Fue el propio Tarradellas quien tomó la iniciativa para regresar a España y empezar su crucial labor de interlocución con el Gobierno de Madrid. Todo estaba por hacer y no había tiempo para utopías ni ensoñaciones baratas. “Suárez tenía motivos para estar preocupado respecto a Cataluña”, asegura el político catalán en sus Memorias. Y era cierto, ya que entre los catalanes se abría paso una seductora opción política nacionalista, integradora y de carácter moderado, que por supuesto nada tenía que ver con el franquismo ni con el centrismo español suarista llamado a ser el principal partido nacional.

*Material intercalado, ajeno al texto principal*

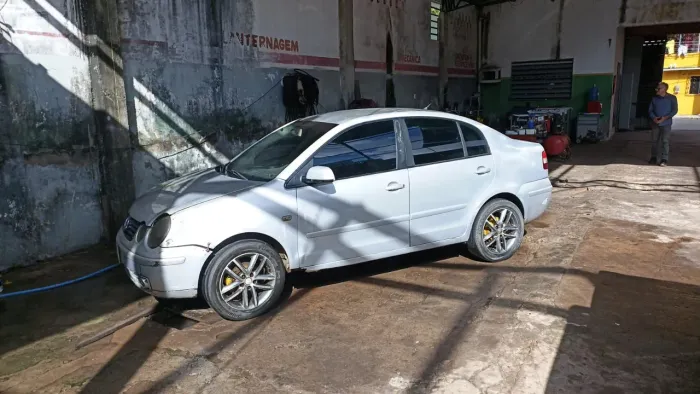Volkswagen Polo Sedan 1.6 MI Total Flex 8V 4P 2005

Tras intentar un primer contacto con los socialistas, Tarradellas se dirigió directamente a un diputado de UCD, Carlos Sentís. El 27 de junio de 1977, tan solo unos días después de las elecciones, tuvo lugar una entrevista en Madrid entre el líder catalán y Adolfo Suárez. No fue fácil para ninguno de los dos, según cuentan los historiadores y periodistas de la época. Suárez no quería ni oír hablar del restablecimiento de la Generalitat y llegó a decir que él era el presidente del Gobierno de una nación con 36 millones de habitantes mientras su interlocutor no era más que un exiliado que había perdido la Guerra Civil. Fue entonces cuando Tarradellas le respondió con firmeza que un jefe de Gobierno que no supiera resolver el problema de Cataluña inevitablemente pondría en peligro la transición de España a la democracia. Suárez tomó buena nota de aquella advertencia como hombre inteligente que era.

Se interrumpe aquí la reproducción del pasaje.